ROBERT SIEGEL, host:
This summer, we've been hearing from you about your most memorable summer jobs.
MICHELE NORRIS, host:
And today our subject is the theme park job or the reality behind the fantasy.
SIEGEL: Rabbi Anthony Fratello of Lake Worth, Florida, was once the skipper on the Jungle Cruise at Disneyland. My job, he writes, I wore the hat, told the jokes, shot the hippo.
And while Fratello had some fun moments as The Skipper, he also had times that he says could try the soul. He writes: The intimacy and low humor of the jokes told on the Jungle Cruise gave open opportunity to hecklers. Thirty minutes into an eight-hour shift, which might feature 20-plus trips through the same unchanging tableau, coupled with guests' fuses growing ever shorter on a hot, crowded August day - well, the mantra developed by generations of skippers: Eight and a half minutes and they're out of your life forever, was sometimes your only link to sanity.
NORRIS: Still, the Jungle Cruise spiel, corny as it was, has come in handy, Fratello says. He used it in talent shows, entertained his congregants with it, and on one occasion, even used it to avoid arrest at a Las Vegas casino.
SIEGEL: Here's another theme park story.
Ms. ELISABETH DIVIS: My name is Elisabeth Divis. I'm from Ann Arbor, Michigan, and 13 years ago, my very first job was shucking oysters at SeaWorld of Ohio.
NORRIS: Well, it was a little more complicated than that. Elisabeth worked at the theme park's pearl-diving show in a pagoda with soothing bamboo flute music.
(Soundbite of music)
NORRIS: As a narrator explained the storied Japanese tradition, young women in white kimonos stepped out to the side of a deep pool, but in just one of the illusions of the Asian pagoda, they weren't real Japanese pearl divers: They were girls from the local high school dive team.
Ms. DIVIS: They would dive for the oysters that would then be brought up to the surface, given to a paying customer, who had paid for a ceramic mug, dropped into that mug, and then the customer would bring that mug with the oyster inside over to me at the shucking bar. And I would then pluck out the oyster, open it up with a knife and then just really plum around, dig around in that oyster for the pearl.
I'd be really excited to find this pearl. If I wasn't excited, I'd feign the excitement. Then I'd wash it over, measure the diameter, and then I would tell them, I would appraise the pearl for them.
Mind you, I'm 15 years old, and the only instructions I really got from my supervisor was just to name two things: the color, the size. Then it was really my choice of how much price value to assign the pearl.

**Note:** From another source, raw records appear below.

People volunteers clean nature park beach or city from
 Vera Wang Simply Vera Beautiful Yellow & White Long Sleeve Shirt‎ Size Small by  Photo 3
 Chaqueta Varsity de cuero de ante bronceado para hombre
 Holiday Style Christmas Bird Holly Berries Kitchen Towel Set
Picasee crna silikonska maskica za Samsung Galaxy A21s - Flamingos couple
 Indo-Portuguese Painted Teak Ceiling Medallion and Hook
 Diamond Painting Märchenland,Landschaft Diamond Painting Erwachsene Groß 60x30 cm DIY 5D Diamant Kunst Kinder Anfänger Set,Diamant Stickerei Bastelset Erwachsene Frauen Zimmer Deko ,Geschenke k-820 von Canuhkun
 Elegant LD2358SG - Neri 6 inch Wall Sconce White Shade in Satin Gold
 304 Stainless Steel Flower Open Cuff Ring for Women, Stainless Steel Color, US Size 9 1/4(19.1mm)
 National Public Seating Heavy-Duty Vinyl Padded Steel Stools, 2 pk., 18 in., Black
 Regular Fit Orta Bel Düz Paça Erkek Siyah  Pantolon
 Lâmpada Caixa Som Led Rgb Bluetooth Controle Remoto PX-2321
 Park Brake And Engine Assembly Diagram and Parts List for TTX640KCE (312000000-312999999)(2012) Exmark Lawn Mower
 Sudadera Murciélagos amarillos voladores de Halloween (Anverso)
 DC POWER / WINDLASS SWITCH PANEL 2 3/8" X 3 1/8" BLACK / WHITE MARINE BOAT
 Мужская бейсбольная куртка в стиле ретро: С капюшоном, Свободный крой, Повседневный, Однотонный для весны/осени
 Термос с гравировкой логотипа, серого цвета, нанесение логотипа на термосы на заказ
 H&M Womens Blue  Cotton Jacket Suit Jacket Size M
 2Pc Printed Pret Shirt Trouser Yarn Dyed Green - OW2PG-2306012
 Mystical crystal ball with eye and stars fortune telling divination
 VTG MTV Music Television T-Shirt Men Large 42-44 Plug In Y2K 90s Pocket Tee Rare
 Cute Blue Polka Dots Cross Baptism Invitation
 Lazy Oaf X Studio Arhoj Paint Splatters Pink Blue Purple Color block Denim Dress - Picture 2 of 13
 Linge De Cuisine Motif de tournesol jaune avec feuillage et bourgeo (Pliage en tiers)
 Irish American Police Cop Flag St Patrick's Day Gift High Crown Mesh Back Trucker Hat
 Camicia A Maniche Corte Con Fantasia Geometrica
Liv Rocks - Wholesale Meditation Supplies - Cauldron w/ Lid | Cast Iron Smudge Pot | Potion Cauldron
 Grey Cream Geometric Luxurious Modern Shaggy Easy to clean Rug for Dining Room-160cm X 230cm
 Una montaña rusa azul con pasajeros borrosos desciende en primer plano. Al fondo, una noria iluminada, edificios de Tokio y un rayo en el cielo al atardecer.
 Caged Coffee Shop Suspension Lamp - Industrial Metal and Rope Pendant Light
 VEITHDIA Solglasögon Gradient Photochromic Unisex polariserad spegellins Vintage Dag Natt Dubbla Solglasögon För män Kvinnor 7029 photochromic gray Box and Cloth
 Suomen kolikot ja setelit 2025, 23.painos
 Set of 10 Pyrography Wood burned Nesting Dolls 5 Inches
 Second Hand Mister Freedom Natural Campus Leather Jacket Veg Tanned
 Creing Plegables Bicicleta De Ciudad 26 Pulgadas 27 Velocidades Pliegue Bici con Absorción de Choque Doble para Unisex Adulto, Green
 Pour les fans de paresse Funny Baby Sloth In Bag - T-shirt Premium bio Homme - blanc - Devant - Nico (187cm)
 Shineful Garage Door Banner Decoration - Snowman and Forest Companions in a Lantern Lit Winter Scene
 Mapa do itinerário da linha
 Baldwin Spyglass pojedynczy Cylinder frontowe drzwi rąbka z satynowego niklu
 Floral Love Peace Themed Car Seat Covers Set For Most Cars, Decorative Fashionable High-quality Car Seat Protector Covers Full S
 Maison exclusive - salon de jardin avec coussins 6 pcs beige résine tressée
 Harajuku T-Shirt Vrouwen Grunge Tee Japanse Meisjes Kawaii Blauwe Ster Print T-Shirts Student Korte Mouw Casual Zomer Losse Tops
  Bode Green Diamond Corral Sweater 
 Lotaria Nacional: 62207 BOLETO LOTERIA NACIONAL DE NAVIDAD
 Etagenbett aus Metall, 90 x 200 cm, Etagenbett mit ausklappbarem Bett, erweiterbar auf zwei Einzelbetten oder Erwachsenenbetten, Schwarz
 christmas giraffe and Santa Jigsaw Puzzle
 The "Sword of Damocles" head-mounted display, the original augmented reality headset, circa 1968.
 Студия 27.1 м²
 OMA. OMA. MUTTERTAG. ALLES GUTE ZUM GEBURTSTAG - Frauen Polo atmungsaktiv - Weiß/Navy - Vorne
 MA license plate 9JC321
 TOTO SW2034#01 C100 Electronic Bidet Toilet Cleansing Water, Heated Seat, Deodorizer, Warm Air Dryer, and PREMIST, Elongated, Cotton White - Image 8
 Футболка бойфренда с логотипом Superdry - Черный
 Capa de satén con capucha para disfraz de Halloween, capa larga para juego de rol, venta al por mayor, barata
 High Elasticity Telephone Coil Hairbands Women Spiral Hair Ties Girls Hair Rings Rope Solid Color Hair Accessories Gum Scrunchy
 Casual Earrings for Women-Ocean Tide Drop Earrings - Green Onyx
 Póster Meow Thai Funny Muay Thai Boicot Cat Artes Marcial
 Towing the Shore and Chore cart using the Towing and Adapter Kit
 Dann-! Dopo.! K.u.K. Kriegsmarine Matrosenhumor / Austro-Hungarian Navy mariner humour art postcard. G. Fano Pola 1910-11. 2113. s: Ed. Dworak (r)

So I would say: This rare black pearl measures eight millimeters in diameter. This would fetch you about $30 on the market, but here at SeaWorld, you only paid for the price of the mug.
And, you know, of course, how could you not be excited by that? Look at that deal you just got, this treasure? These were seed pearls. They weren't, like, 100 percent pure, natural, rare pearls, of course not. Like, a seven-millimeter plastic ball with the thickness of, like, a fingernail coating of pearl on top. So kind of a sham, the whole appraisal.
I am kind of embarrassed to have been a teenage huckster in my very first job, but I'm really glad that I did. I think it's given me a lot of confidence. It really helped me to deliver what I have to say with assurance, and I can really see that now as a teacher.
No one wants a teacher who's just going to stand up and lecture about metaphor or simile or personification but, you know, if you can kind of make it more fun and deliver it in such a way that makes it interesting, then you're golden.
SIEGEL: Elisabeth Divis of Ann Arbor, talking about her summer job at SeaWorld of Ohio, which evidently, Michele, went the way of the sea in Ohio. It's now defunct.